Hunderttausende Personen infizierten sich im Januar in der Schweiz bereits mit dem Coronavirus. Doch in Isolation gingen lange nicht alle.
Ärzte treffen ihre positiv getesteten Patienten beim Einkaufen. - Der Schweizerische Bundesrat

Das Wichtigste in Kürze

  • 150'000 Menschen infizierten sich in der Schweiz im Januar bereits mit dem Coronavirus.
  • Als Folge dessen sollten sie sich in Isolation begeben.
  • Doch Bündner Hausärzte ertappten ihre positiv getesteten Patienten beim Einkaufen.

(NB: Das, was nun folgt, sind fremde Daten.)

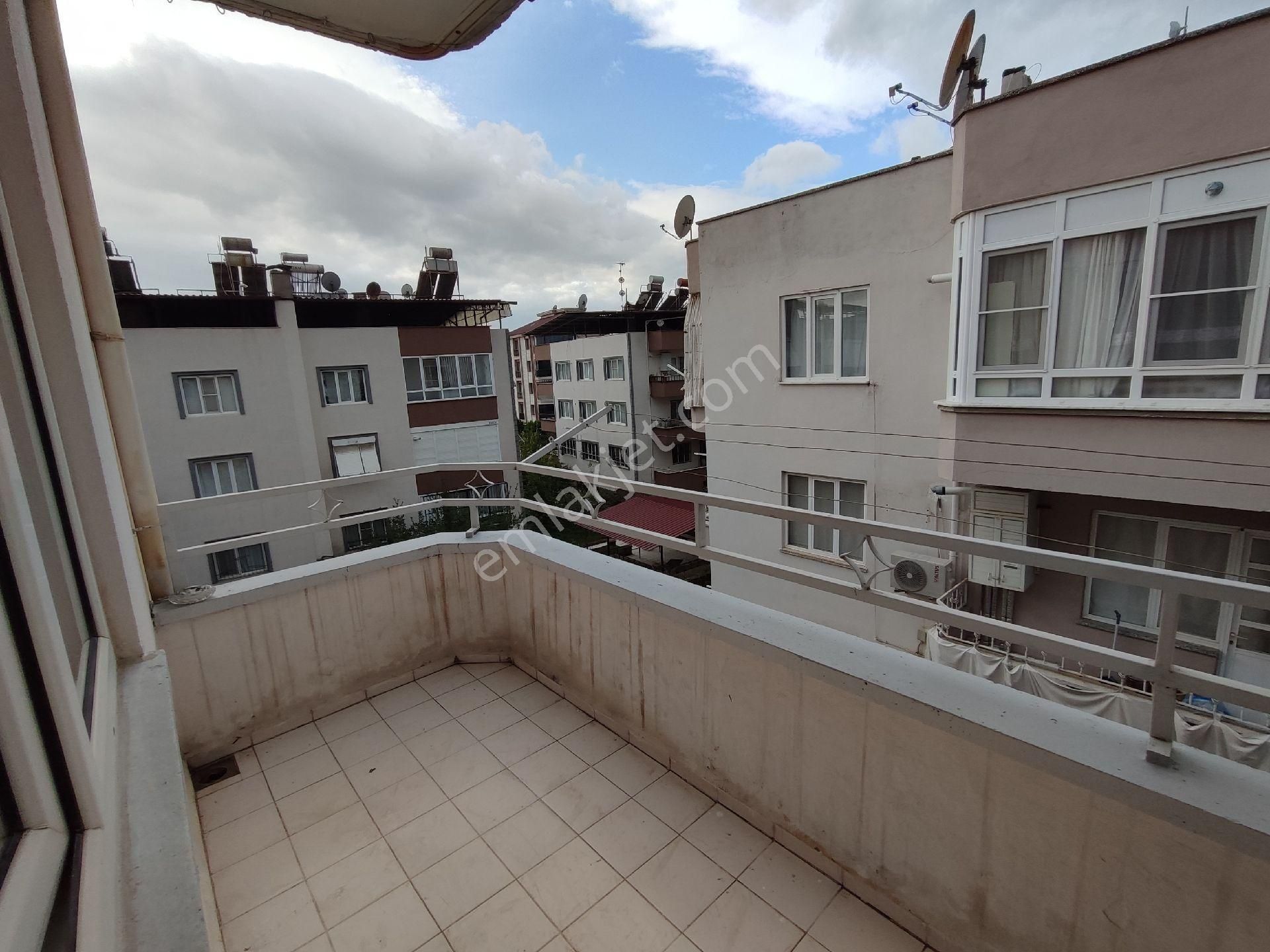 Yeni Mahallede Geniş Satılık Daire - Görsel 9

Auch in der Schweiz hat sich Omikron rasant ausgebreitet. Die neue Virusvariante führt zu zahlreichen Neuinfektionen. Allein in der Januar-Woche wurden laut Bund und Taskforce etwa 150'000 Menschen positiv getestet.

Um die Ansteckungskette zu unterbrechen, sollten sich all diese Personen umgehend in Isolation begeben. Die Betonung liegt jedoch offenbar auf «sollten».

Denn lange nicht alle halten sich an die Vorgaben des BAG im Kampf gegen das Coronavirus. «Obwohl wir nun schon seit zwei Jahren in dieser Pandemie leben, scheinen es einige Personen nicht verstanden zu haben, warum man in Isolation gehen muss», so Marina Jamnicki, Kantonsärztin aus dem Graubünden bei der heutigen Pressekonferenz.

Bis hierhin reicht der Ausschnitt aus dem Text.